Чувствуя легкий озноб, девочка сняла с гвоздя плащ и закуталась в него, накинув на голову глубокий капюшон. Стало уютней, но призрачный холодок продолжал сочиться в комнату. Неужели такой сквозняк, удивилась Кларисса, подходя к окну; странно — на улице совершенно нет ветра… Эту мысль, простую и тривиальную, словно бы додумала за нее Цецилия, в то время как сама девочка зажимала ладошкой рот, сдерживая рвущийся наружу крик ужаса.
Напротив дома стояла черная карета — та самая. Длинные решетчатые фонари источали темно-синюю паутину лучей — свет казался совсем слабым, но все предметы в комнате приобрели вдруг неестественный, мертвенный оттенок. Туман сгустился, сквозь него еле просвечивали тени проезжающих экипажей. Дверцы кареты открылись. Кто-то вышел оттуда, неторопливо направляясь к дому. Позднее девочка пыталась вспомнить, как он выглядел и во что был одет, пыталась… И не могла. В ее сознании как будто взорвалась бомба — в памяти полыхнул миг прощания с отцом, его последние слова, эта странная и зловещая фраза.
«Заклинаю — держись подальше от черных карет и людей с глазами как оловянные пуговицы…»
Проверять, на что похожи глаза незнакомца, Кларисса не стала. Она выбежала из своей комнаты и бросилась к черному ходу — так быстро, как только могла.

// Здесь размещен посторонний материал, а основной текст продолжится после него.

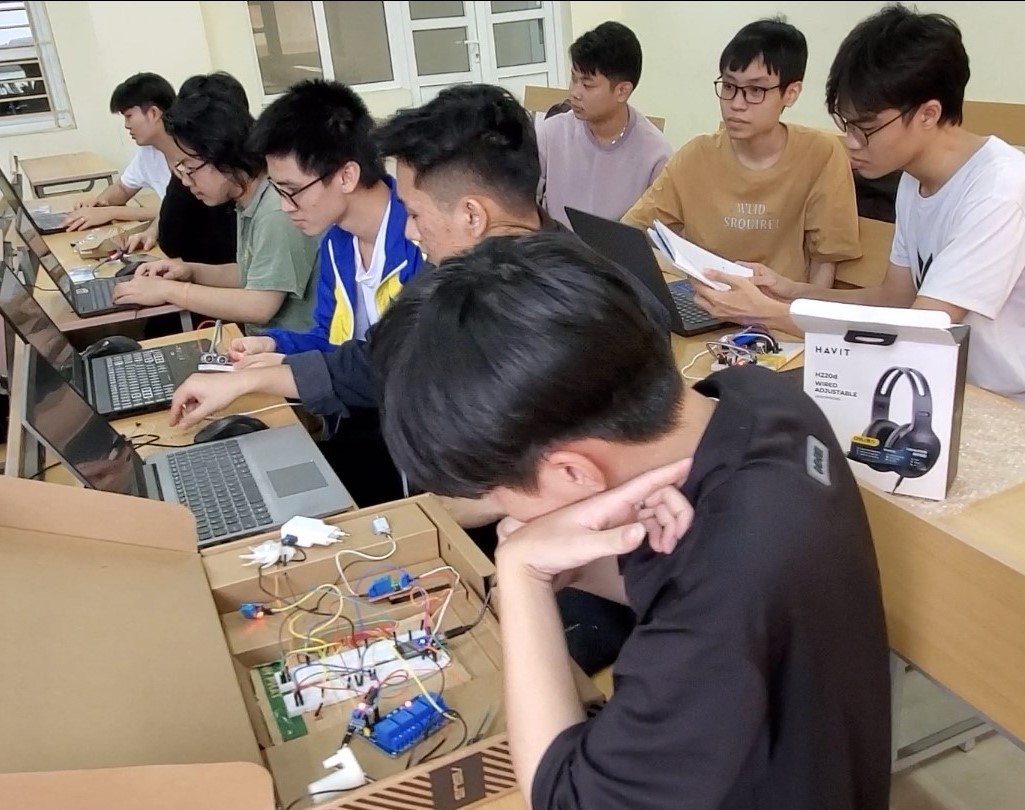 sinh viên khoa công nghệ thông tin trường đại học hạ long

Ощущение жуткого давления, уже испытанное ею ранее, с каждой секундой нарастало, но за спиной у девочки словно выросли крылья. Глухо хлопнула дверь, мелькнули голые черные ветви яблонь, норовя вцепиться в волосы… Дальше, дальше! Низенький забор не смог остановить Клариссу; лишь одно чувство жило сейчас в ее душе — ужас преследуемого зверька. Она не видела, как стекают ручейками расплавленного металла петли, как рушатся с грохотом створки дверей и синие отблески ложатся на темный орнамент паркета, не слышала невыносимых, бьющих наотмашь слов: «Я пришел взять то, что принадлежит мне!» Она бежала, покуда хватало сил, пока перед глазами не поплыли кровавые круги, а боль в боку не стала совсем нестерпимой. Но останавливаться было нельзя, и девочка продолжала идти, забираясь все глубже и глубже в хитросплетение тесных улочек и проулков. За все это время Кларисса ни разу не обернулась. Она забрела в совершенные трущобы. Мостовой тут не было и в помине, повсюду лежали бурые, пахнущие конским навозом лужи. С одной стороны тянулась кирпичная стена, растрескавшаяся, вся в пятнах мха; с другой — бесконечные дровяные сараи. Царапаясь о торчащие повсюду ржавые гвозди, девочка заползла в темную щель меж двух таких построек, свернулась клубком, словно бездомный котенок, и замерла.